The key point to remember is that while the College worked with our accreditor, we have been developing an array of forward-looking initiatives that go far beyond compliance. Meeting regulatory standards is of course an important foundational activity, but it’s only one of a range of efforts we are undertaking to achieve a greater end – becoming a premier community college.

Ethnic, Gender and Global Studies rising at PCC

On Oct. 20, I had the great pleasure of making introductory remarks at the College’s inaugural Raquel Rubio Goldsmith Lecture in Ethnic, Gender and Global Studies, featuring Dr. Rosalva Aída Hernández Castillo.

ethnic

Dr. Hernández is a noted Mexican cultural anthropologist. She spoke on “Multiple Injustices: Indigenous Women, Law and Political Struggle.” An intellectual and activist, Dr. Hernández shared profound perspectives on how social justice, gender equity, human rights and race intersect globally.

Following the lecture, Dr. Hernández, along with Ethnic Studies scholar Rubio Goldsmith, engaged in a lively discussion with students and the social activists, educators, intellectuals and human rights defenders in the audience. It was pointed out during the community discussion that our region’s great diversity connects to environmental, political and economic issues that extend far past our borders in ever-changing ways.

The event was a huge success, filling the lecture room and overflow rooms at Downtown Campus. Major leaders of our community were present, including Dr. Anna O’Leary, head of the Department of Mexican American Studies at the University of Arizona, and Isabel García, who for decades has been at the forefront of immigrant and refugee rights.

The lecture series is the brainchild of our rising program in Ethnic, Gender and Global Studies. As an instrument for social justice, PCC is committed to diversity, inclusion and equity, and a robust, multifaceted program in Ethnic, Gender and Global Studies is critical to honoring our commitment.

The essential goal of the College’s initiatives in this area is individual empowerment.
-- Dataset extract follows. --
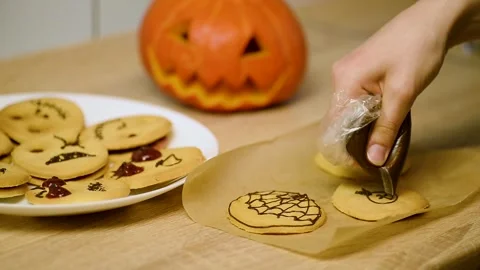 Drawing a chocolate spider character on a baked shortbread cookie Stock Footage 342704275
I shared that one in three people are affected by domestic violence within his or her lifetime in the U.S., and that 3 million children between ages 3-17 are at risk of exposure to domestic violence each year. I shared these statistics to drive home the point that achieving success is crucial for the College and the community.

My thanks go to everybody who helped pull this wonderful event together. Provost Dolores Durán-Cerda, Ethnic Studies faculty members Francisca James Hernandez, Rosalia Solorzano and their colleagues are to be commended, as are President David Doré and the team at Downtown Campus; support coordinator Yolanda Gonzales; and the Marketing, Web Systems, and Media Production teams at District Office.

As Dr. Hernandez’s research shows, communities such as ours are microcosms of global diversity and thus demand we develop new visions of “diversity within diversity” as we work for social justice. Ethnic, Gender and Global Studies are essential to understanding our history and setting the groundwork for a better future for all.